_Your objective_. With the line containing "112 E Davis ST, Stockton, MO 65785" as the starting point, write out each line exactly through the final line of the listing, both ends included.

_Extracted information_.
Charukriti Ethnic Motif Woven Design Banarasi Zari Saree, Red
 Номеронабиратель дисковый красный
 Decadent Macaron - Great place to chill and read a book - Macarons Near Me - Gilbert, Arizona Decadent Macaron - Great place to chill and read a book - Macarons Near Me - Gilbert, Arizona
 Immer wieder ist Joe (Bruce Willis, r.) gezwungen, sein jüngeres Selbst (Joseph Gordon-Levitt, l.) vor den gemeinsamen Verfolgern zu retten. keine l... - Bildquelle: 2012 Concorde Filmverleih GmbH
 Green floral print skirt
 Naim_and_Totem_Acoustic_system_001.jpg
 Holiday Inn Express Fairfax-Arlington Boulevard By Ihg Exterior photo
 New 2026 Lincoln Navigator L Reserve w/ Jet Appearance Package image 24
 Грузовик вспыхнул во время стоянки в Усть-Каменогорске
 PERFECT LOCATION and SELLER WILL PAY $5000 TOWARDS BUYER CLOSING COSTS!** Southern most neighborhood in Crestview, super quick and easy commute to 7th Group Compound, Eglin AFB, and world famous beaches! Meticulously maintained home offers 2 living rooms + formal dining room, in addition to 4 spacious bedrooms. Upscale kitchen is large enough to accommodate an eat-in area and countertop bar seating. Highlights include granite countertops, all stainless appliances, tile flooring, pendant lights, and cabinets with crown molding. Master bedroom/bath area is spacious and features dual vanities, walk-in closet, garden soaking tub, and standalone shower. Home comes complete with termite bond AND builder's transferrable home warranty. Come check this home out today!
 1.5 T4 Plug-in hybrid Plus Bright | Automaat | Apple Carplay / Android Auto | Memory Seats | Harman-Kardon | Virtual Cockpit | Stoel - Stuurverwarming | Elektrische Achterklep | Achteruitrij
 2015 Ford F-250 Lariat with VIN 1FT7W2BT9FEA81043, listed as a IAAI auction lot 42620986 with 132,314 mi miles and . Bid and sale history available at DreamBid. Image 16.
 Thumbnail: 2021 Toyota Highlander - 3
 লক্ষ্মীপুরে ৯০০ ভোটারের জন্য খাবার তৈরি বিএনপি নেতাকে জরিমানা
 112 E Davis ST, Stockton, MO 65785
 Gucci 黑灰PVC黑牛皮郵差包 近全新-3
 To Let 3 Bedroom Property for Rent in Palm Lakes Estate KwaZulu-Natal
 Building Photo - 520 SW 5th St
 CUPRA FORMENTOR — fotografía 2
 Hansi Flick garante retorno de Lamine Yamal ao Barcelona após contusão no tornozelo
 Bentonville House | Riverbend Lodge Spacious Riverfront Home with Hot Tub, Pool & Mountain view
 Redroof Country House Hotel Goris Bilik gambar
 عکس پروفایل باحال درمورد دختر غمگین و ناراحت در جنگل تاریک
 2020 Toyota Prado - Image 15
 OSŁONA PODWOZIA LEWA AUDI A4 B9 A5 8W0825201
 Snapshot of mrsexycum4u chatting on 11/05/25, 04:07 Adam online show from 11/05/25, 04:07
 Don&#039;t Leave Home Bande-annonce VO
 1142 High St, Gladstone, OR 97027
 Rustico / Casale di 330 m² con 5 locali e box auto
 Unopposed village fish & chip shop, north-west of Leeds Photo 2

_Finished exercise_.
 112 E Davis ST, Stockton, MO 65785
 Gucci 黑灰PVC黑牛皮郵差包 近全新-3
 To Let 3 Bedroom Property for Rent in Palm Lakes Estate KwaZulu-Natal
 Building Photo - 520 SW 5th St
 CUPRA FORMENTOR — fotografía 2
 Hansi Flick garante retorno de Lamine Yamal ao Barcelona após contusão no tornozelo
 Bentonville House | Riverbend Lodge Spacious Riverfront Home with Hot Tub, Pool & Mountain view
 Redroof Country House Hotel Goris Bilik gambar
 عکس پروفایل باحال درمورد دختر غمگین و ناراحت در جنگل تاریک
 2020 Toyota Prado - Image 15
 OSŁONA PODWOZIA LEWA AUDI A4 B9 A5 8W0825201
 Snapshot of mrsexycum4u chatting on 11/05/25, 04:07 Adam online show from 11/05/25, 04:07
 Don&#039;t Leave Home Bande-annonce VO
 1142 High St, Gladstone, OR 97027
 Rustico / Casale di 330 m² con 5 locali e box auto
 Unopposed village fish & chip shop, north-west of Leeds Photo 2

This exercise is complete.